Mixed precision training


#1

Has anyone been able to try Mixed precision training? I am using a v100 on GCP. When I start with fp16() it helps me speed up by epochs by ~25% but later on, I am getting a bunch of nans.

Is there something I am missing?


(RobG) #2

I’ve been getting this too, sometimes, on long run training. I thought it may be my new GPU (2080ti) and funky cuda/pytorch/driver combination.


#3

Do you just restart your kernel and start over when you get this or something else?I wonder is this due to some parameter setting I am missing .I am keeping all defaults as of now on fp16


(RobG) #4

Not sure what the issue is. I Have reported it before, but would be good to hear of others experience. Do you have any transforms() in your training?
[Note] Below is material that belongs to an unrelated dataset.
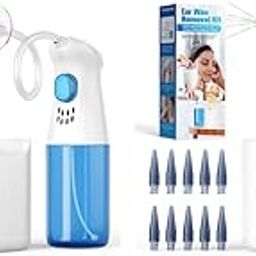 HANNEA® Manual Ear Canal Irrigator Kit with 250ml Water Cup 11 Nozzles 10 Single-Hole 1 Five Hole Gentle Wax Remover Tool Set for Kids Adults Safe Cleaning Rinser 2PCS-image-92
It could be something in a transform going awry.


#5

Yeah I do.What kind of benefit you are observing on using fp16() ?Is it close to ~25% that I reported?


(RobG) #6

yes about 25% on average


#7

Looks like we are on right path.Will be good to know what others are experiencing with mixed precesion training.


(Karl) #8

I don’t have much experience with fp16 training but I know one known issue is that gradients or other small values can become zero due to the lower numerical precision. One way around this is to scale up the loss value (ie by a factor of 1000), which by the chain rule also scales the gradients. This might be a solution to the problem you’re seeing.


#9

Thanks Karl.I might have to try that.


(Andrea de Luca) #10

The point of mixed precision training is addressing such shortcomings of pure FP16. The library should take care of this: the parts which are sensitive to truncation and/or rounding are handled in FP32.


(Andrea de Luca) #11

I’d like to see memory occupation about the same training cycle for FP32 vs. Mixed. Thanks.


(Michael) #12

I was also playing with the mixed precision training and was not observing some NaN losses so far.

There seems to be also a callback to stop the training when the loss is getting NaN: https://github.com/fastai/fastai_docs/blob/master/dev_nb/new_callbacks.ipynb (However, I didn’t tested it so far.)

Here is the super explanation from Sylvain: Mixed precision training

PS: Maybe also for your interest: learn.TTA(is_test=True) not supporting half precision models?


(Keyur Paralkar) #13

I am experiencing same issue with mixed precision training. The validation loss reaches nan at about 25-30% of training process. Will try to increase the loss_scale factor to 1000 and let this thread know it’s result.


(Keyur Paralkar) #14

Even after changing the loss_scale factor in to_fp16() to 1000.0 gives nan value more early around 3% of training. Is this problem specific to a particular kind of data?


(Keyur Paralkar) #15

Can this be related to vanishing gradient problem ?


#16

So has anyone actually managed to make to_fp16() work in the sense that it has shortened training?